Climate Bill Backers Optimistic Despite Lack of GOP Support
Sens. John Kerry (D-Mass.) and Joe Lieberman (ID-Conn.) introduced sweeping climate change legislation Wednesday that faces an uncertain future in the Senate.
But the two former presidential contenders struck an optimistic tone during their high-profile rollout, with Kerry asserting, “This year with this bill we’re going to fight to get 60 votes.”
Kerry noted that the bill includes language adopted last year by the Energy and Natural Resources Committee and a proposal he crafted with Sen. Barbara Boxer (D-Calif.) that was approved by the Environment and Public Works Committee. Four other committees have jurisdiction over the issue, including the Foreign Relations Committee, which Kerry chairs, and shepherding the legislation through those panels will be a delicate, time-consuming process that might keep the bill from getting to the floor this year.

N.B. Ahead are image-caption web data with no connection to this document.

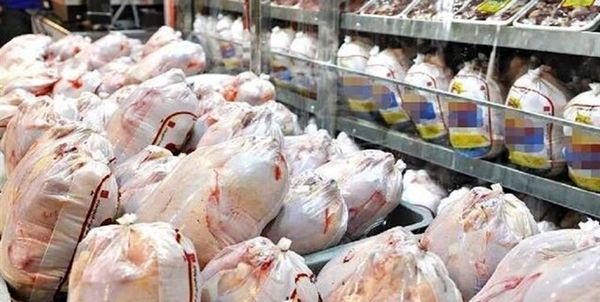 خرید مرغ مازاد مرغداران توسط شرکت پشتیبانی اموردام استان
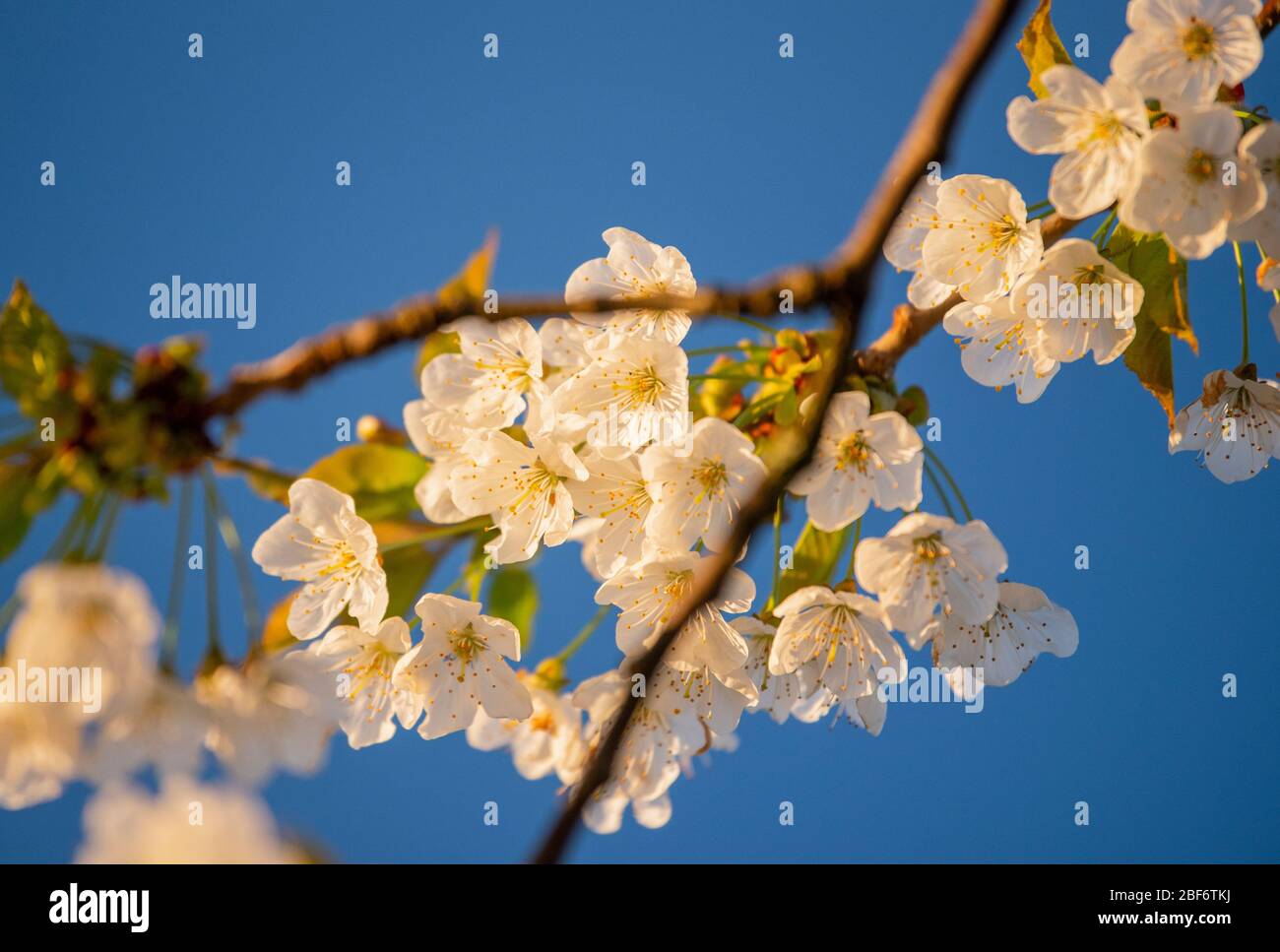 Frühling Kirschbaum Blüte auf Kirschbäumen in Kent, Großbritannien im März Stockfoto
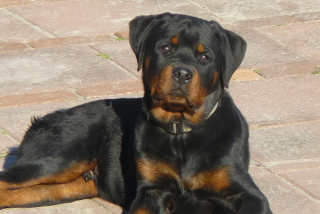 Free Rottweilers Picture for Android, iPhone and iPad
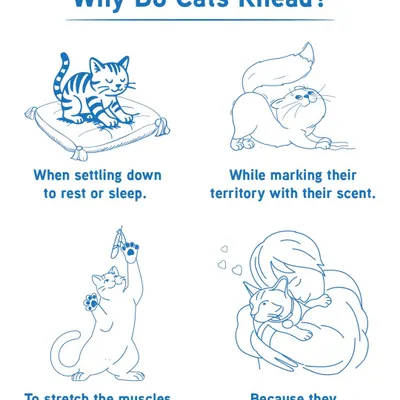 Why do cats knead, or "make biscuits"? This charming behavior is often a remnant from kittenhood and is associated with happiness and comfort. It's their way of showing they feel safe and loved.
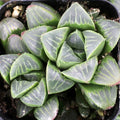 Haworthia Mutica Succulent Potted Plant - 2" Diameter, Rare Indoor Green Foliage, Low Maintenance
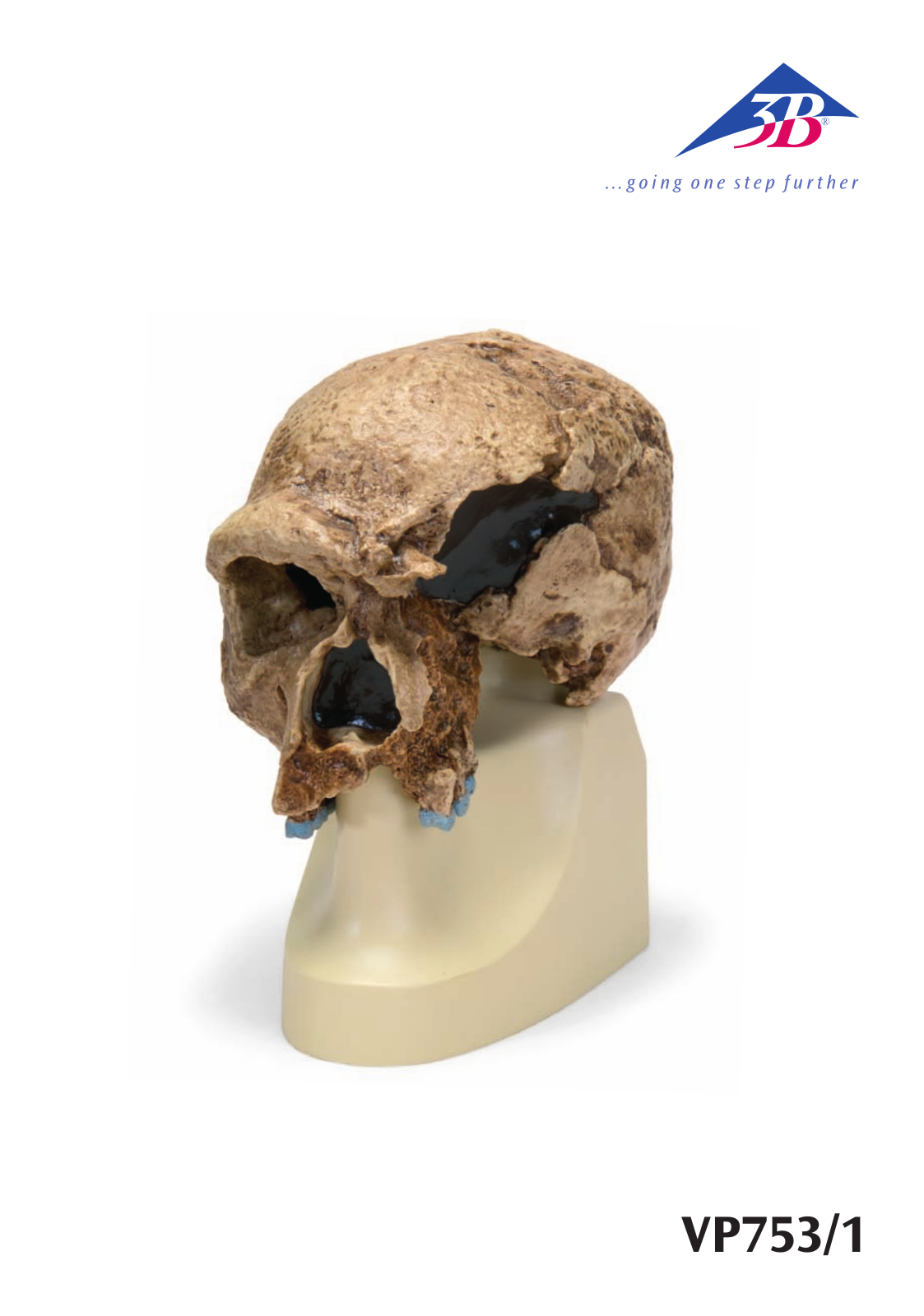 3B Scientific Anthropological Skull User Manual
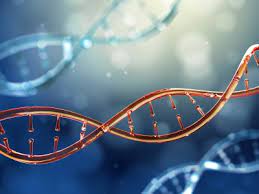 DNA-Forensik-Markt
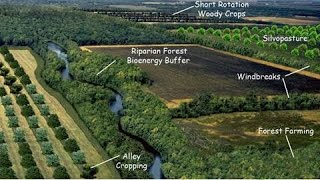 Agroforestry Ecosystem Services and Wildlife Habitat [upl. by Iatnahs]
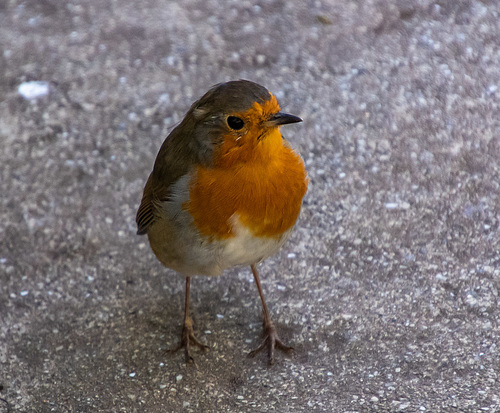 Robin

Majority Leader Harry Reid (D-Nev.) “has recognized that he needs to try to pull this together, much as he does with other pieces of legislation,” Kerry told reporters when asked about the outlook of the climate bill.
“Harry is going to pull them together,” Kerry said about the six committees with jurisdiction. “The president has said he wants to move forward on legislation, and I think it’s important we do so.”

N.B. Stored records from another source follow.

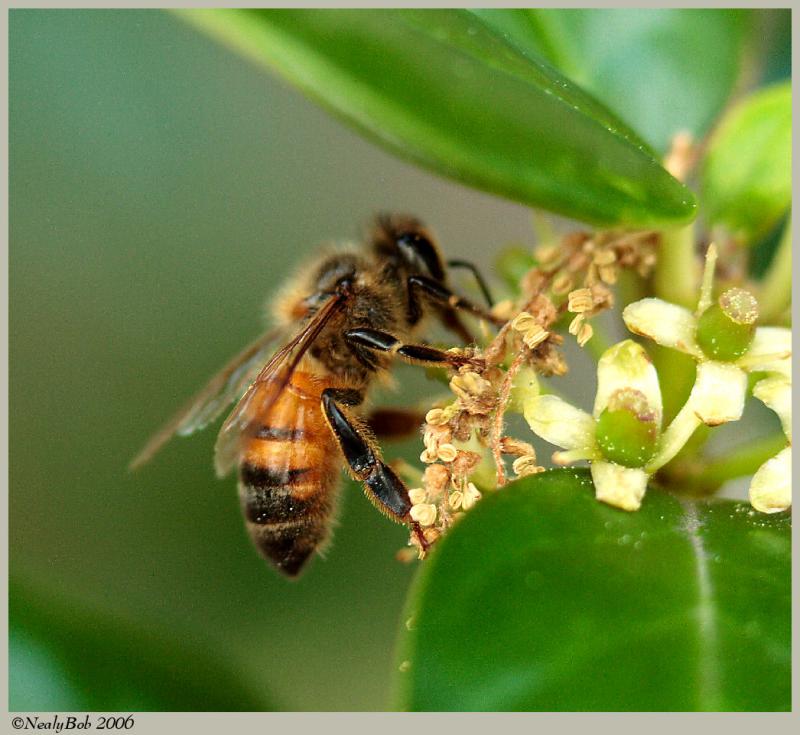 Honey Bee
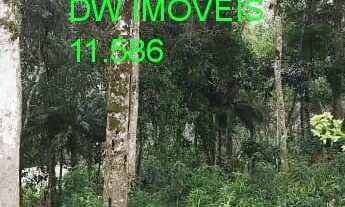 Imagem: JUQUITIBA/BELO TERRENO/ÓTIMA TOPOGRAFIA/AC/PROPOSTAS/REF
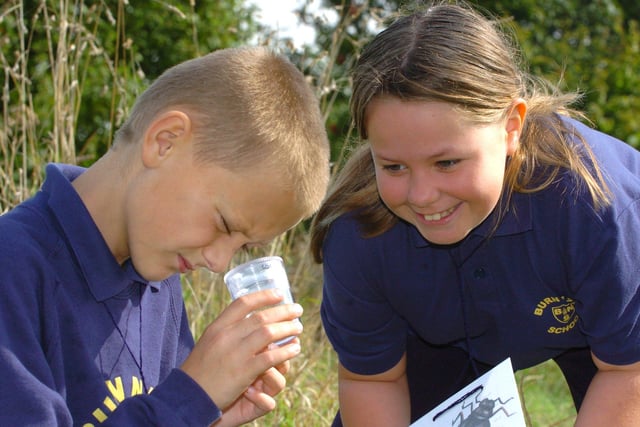 Children from Burn Naze Primary School took part in an outdoor wildlife lesson at Wyre Estuary Country Park at Stanah. Pupils Jamie Dibb (10) and Demi Perrin (10) look at some of the insects they have found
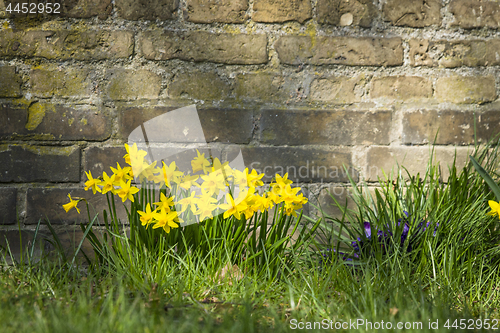 Image of Flowerbed with yellow daffodils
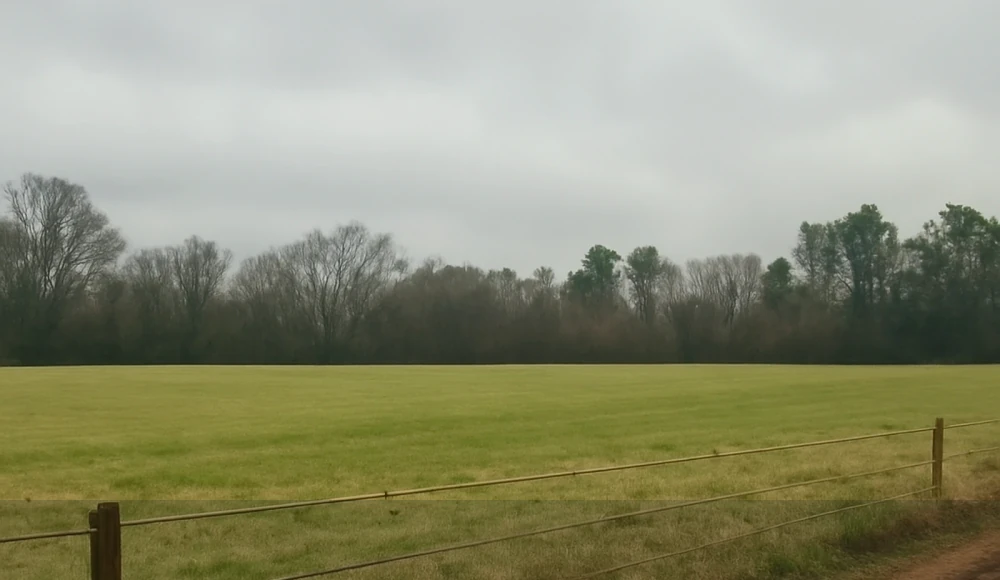 Alabama Land Buyers: How to Find Cash Buyers for Your Land closing checklist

President Barack Obama said in a statement, “I look forward to engaging with Senators from both sides of the aisle and ultimately passing a bill this year.”

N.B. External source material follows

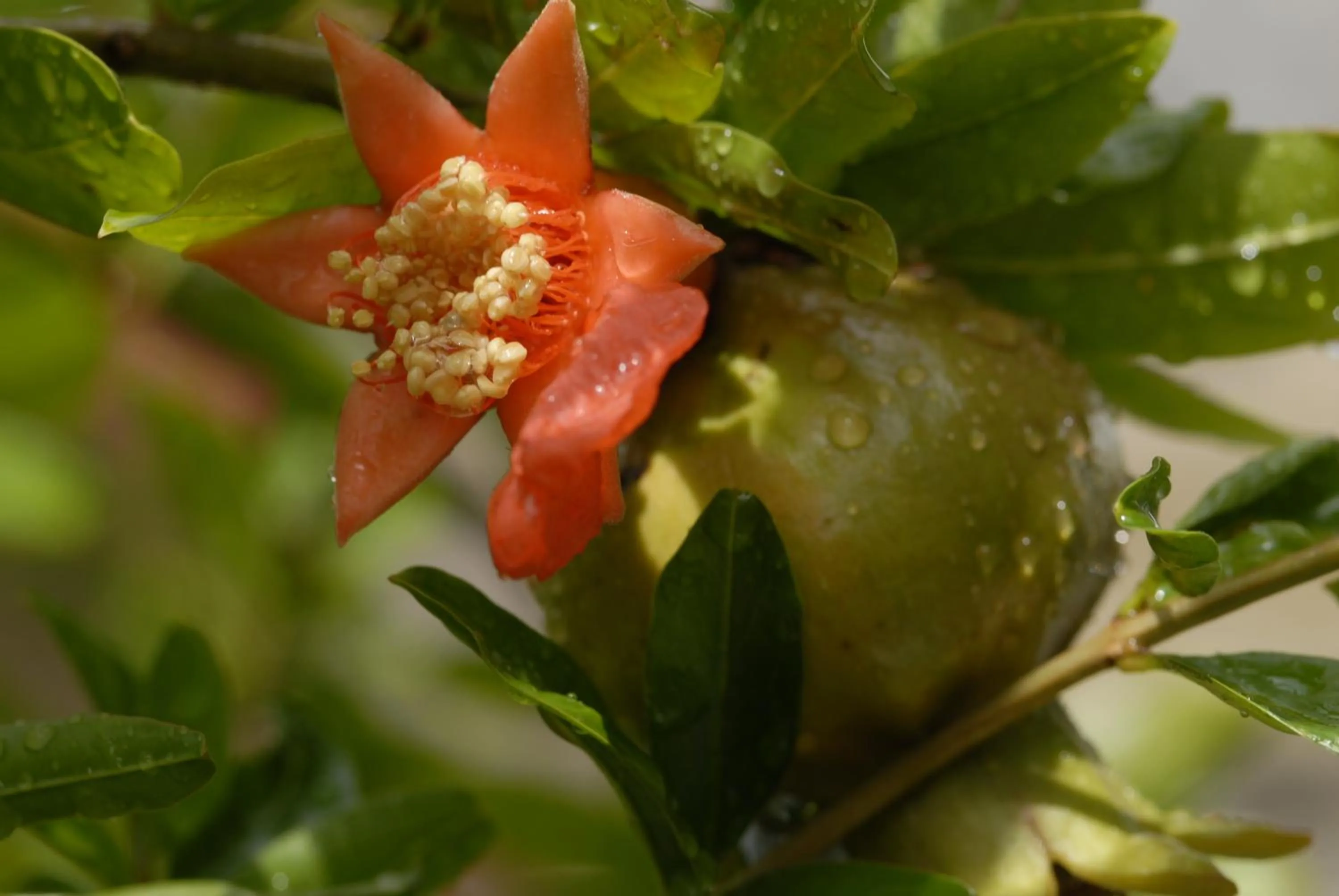 Garden in Margarita Studios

Liberal Democrats have said offshore drilling provisions in the legislation are a nonstarter, while moderates from manufacturing states want to make sure the bill focuses on clean-coal technology and will not increase utility costs for consumers. Kerry and Lieberman were careful to underscore Wednesday that their bill addresses those concerns.
Still, Lieberman recognized that “this proposal does not cater to the politics of the moment,” as embattled Members focus on their re-election efforts and are gun shy to take a tough vote on another sweeping overhaul measure.
In a statement, Sen. Lindsey Graham (R-S.C.), who abandoned negotiations with Kerry and Lieberman two weeks ago, left an opening to support the measure that included much of the framework the trio had discussed.
“I believe the broad concepts we came up with before are transformational and are the most consumer and business-friendly effort to date in dealing with carbon pollution,” he said. “Most importantly, they can serve as a framework in allowing America to lead in the creation of alternative energy jobs and significantly reducing our dependency on foreign oil. With these goals in mind, I am interested in carefully reviewing the details of the new proposal.”